═════ Records for this task
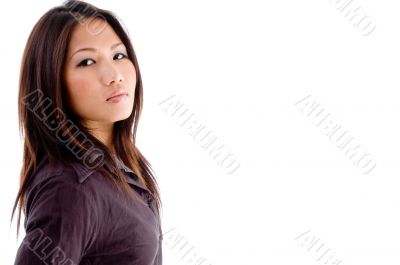 side view of young woman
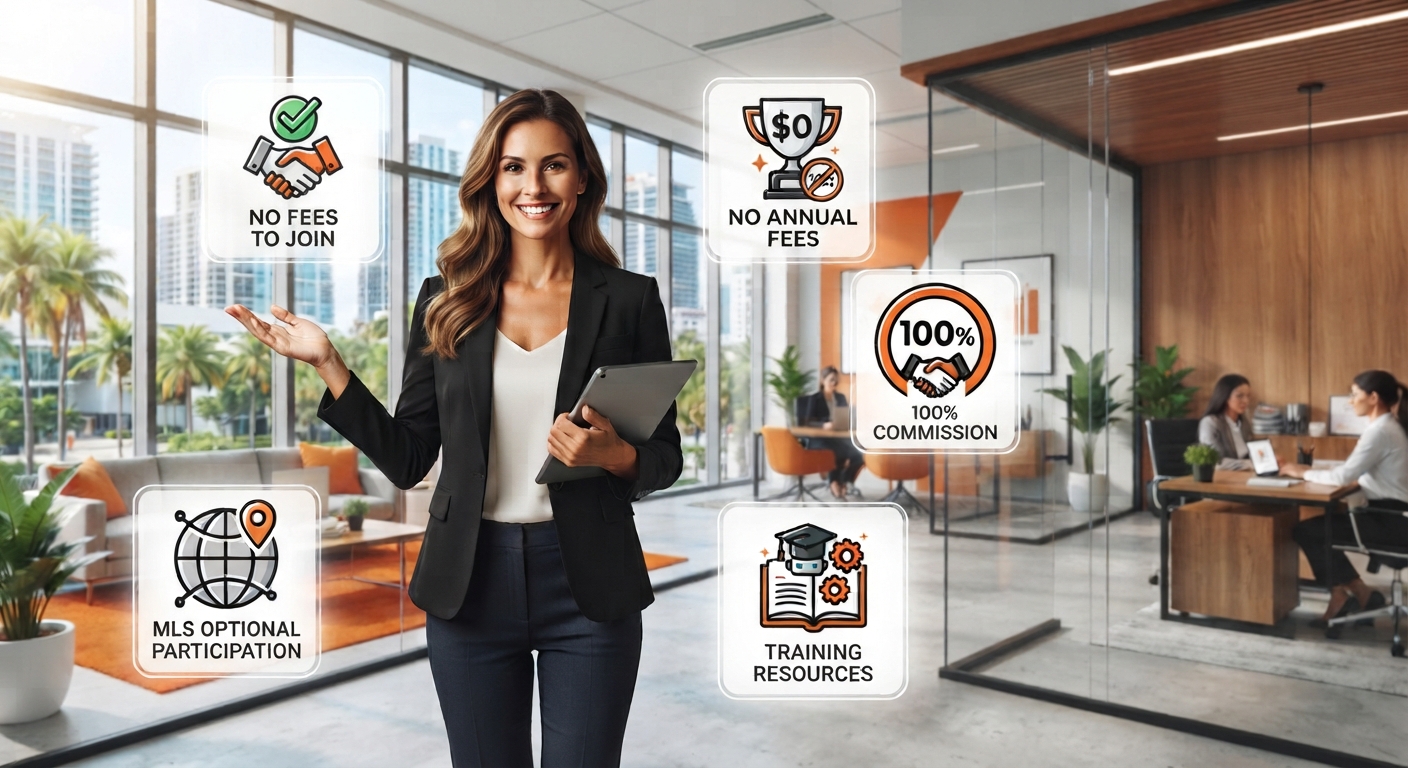 Real estate agent at a modern Florida brokerage highlighting no sign-up fees, no monthly fees, 100% commission, AI-powered support, and optional MLS participation.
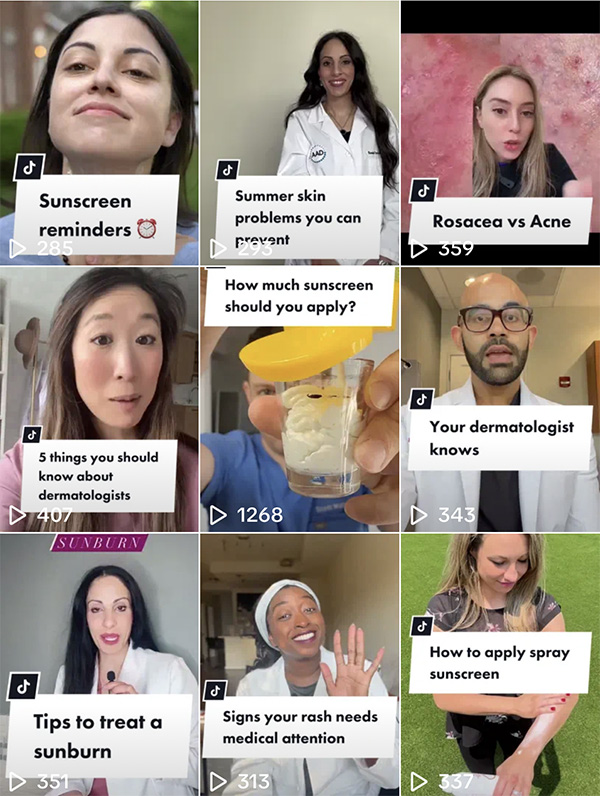 Image of social media posts for Your Dermatologist Knows July 2023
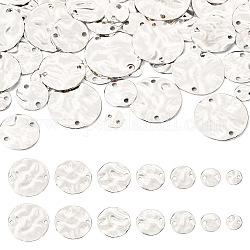 54 шт., 7 стиля, латунные подвески для разъемов, плоско-круглые, крутить круглые звенья, 925 серебро покрытием, 6~18x0.8~1 мм, отверстие : 0.8~1.4 мм
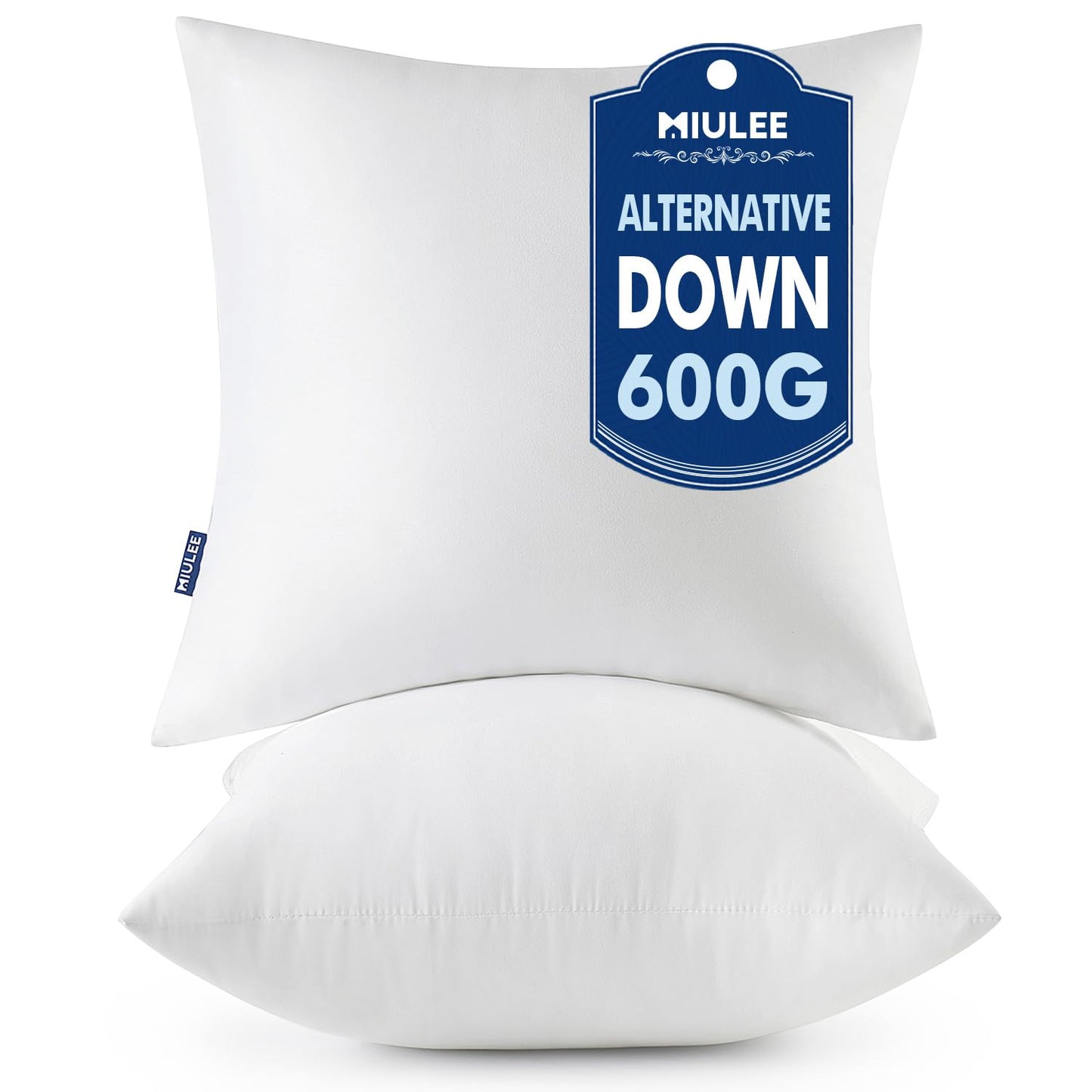 MIULEE 20x20 Throw Pillows Inserts 2 Pack, Decorative Pillows for Couch Bed | 100% Virgin Filling, Full and Fluffy, Lumbar, Back and Neck Support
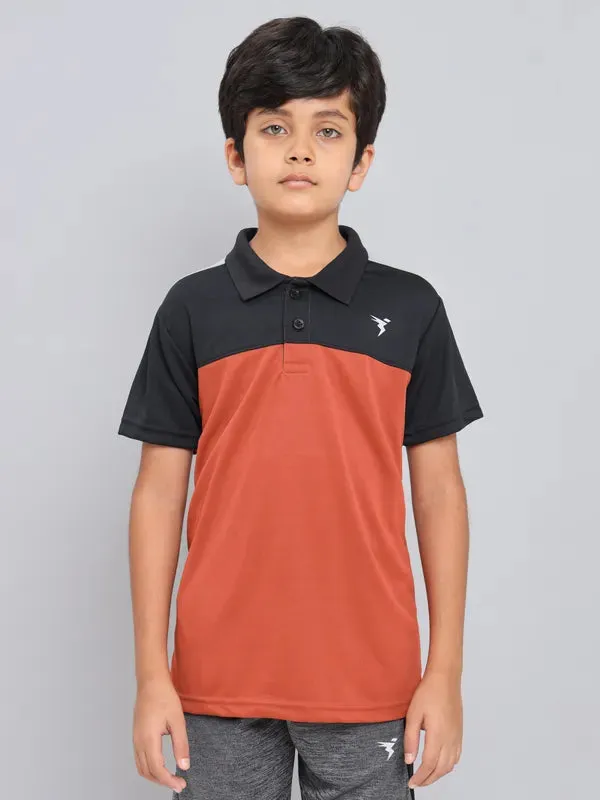 Boys Colorblock Slim Fit Polo T-shirt with TECHNO COOL 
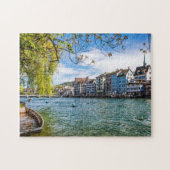 Puzzle Le fleuve Limmat, Zurich (Horizontal)
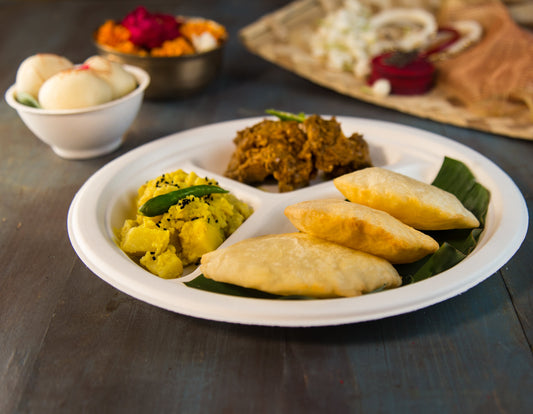 10 inch 3-compartment biodegradable sugarcane plate for meals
══════════
Instructions for the task: Produce the entries above once more, exactly as given, with each picture left out.

Solution to this exercise:
 side view of young woman
 Real estate agent at a modern Florida brokerage highlighting no sign-up fees, no monthly fees, 100% commission, AI-powered support, and optional MLS participation.
 Image of social media posts for Your Dermatologist Knows July 2023
 54 шт., 7 стиля, латунные подвески для разъемов, плоско-круглые, крутить круглые звенья, 925 серебро покрытием, 6~18x0.8~1 мм, отверстие : 0.8~1.4 мм
 MIULEE 20x20 Throw Pillows Inserts 2 Pack, Decorative Pillows for Couch Bed | 100% Virgin Filling, Full and Fluffy, Lumbar, Back and Neck Support
 Boys Colorblock Slim Fit Polo T-shirt with TECHNO COOL 
 Puzzle Le fleuve Limmat, Zurich (Horizontal)
 10 inch 3-compartment biodegradable sugarcane plate for meals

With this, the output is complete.